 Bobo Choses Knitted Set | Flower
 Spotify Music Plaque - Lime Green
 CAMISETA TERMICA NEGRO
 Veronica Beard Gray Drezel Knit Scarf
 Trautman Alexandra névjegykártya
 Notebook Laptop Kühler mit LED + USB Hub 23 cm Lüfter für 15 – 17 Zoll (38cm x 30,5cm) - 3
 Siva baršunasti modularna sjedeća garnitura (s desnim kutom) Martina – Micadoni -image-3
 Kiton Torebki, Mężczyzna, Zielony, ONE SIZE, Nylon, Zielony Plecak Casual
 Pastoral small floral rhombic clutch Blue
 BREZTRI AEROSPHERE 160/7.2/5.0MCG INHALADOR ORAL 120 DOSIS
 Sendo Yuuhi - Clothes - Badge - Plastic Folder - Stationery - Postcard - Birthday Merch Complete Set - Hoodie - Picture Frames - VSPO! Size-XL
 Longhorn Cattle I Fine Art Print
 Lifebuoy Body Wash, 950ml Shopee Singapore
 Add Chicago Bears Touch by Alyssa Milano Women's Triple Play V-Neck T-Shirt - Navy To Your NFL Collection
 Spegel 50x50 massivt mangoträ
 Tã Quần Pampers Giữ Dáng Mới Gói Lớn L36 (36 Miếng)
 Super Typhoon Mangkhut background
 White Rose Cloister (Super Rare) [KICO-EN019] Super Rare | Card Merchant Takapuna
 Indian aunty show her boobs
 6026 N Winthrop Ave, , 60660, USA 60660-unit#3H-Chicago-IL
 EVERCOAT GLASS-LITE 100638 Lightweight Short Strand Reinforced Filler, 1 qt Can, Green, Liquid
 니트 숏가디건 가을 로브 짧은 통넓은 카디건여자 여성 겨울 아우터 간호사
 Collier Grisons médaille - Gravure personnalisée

Exercise brief :: Start to finish, output the whole listing exactly.

Exercise result ::
 Bobo Choses Knitted Set | Flower
 Spotify Music Plaque - Lime Green
 CAMISETA TERMICA NEGRO
 Veronica Beard Gray Drezel Knit Scarf
 Trautman Alexandra névjegykártya
 Notebook Laptop Kühler mit LED + USB Hub 23 cm Lüfter für 15 – 17 Zoll (38cm x 30,5cm) - 3
 Siva baršunasti modularna sjedeća garnitura (s desnim kutom) Martina – Micadoni -image-3
 Kiton Torebki, Mężczyzna, Zielony, ONE SIZE, Nylon, Zielony Plecak Casual
 Pastoral small floral rhombic clutch Blue
 BREZTRI AEROSPHERE 160/7.2/5.0MCG INHALADOR ORAL 120 DOSIS
 Sendo Yuuhi - Clothes - Badge - Plastic Folder - Stationery - Postcard - Birthday Merch Complete Set - Hoodie - Picture Frames - VSPO! Size-XL
 Longhorn Cattle I Fine Art Print
 Lifebuoy Body Wash, 950ml Shopee Singapore
 Add Chicago Bears Touch by Alyssa Milano Women's Triple Play V-Neck T-Shirt - Navy To Your NFL Collection
 Spegel 50x50 massivt mangoträ
 Tã Quần Pampers Giữ Dáng Mới Gói Lớn L36 (36 Miếng)
 Super Typhoon Mangkhut background
 White Rose Cloister (Super Rare) [KICO-EN019] Super Rare | Card Merchant Takapuna
 Indian aunty show her boobs
 6026 N Winthrop Ave, , 60660, USA 60660-unit#3H-Chicago-IL
 EVERCOAT GLASS-LITE 100638 Lightweight Short Strand Reinforced Filler, 1 qt Can, Green, Liquid
 니트 숏가디건 가을 로브 짧은 통넓은 카디건여자 여성 겨울 아우터 간호사
 Collier Grisons médaille - Gravure personnalisée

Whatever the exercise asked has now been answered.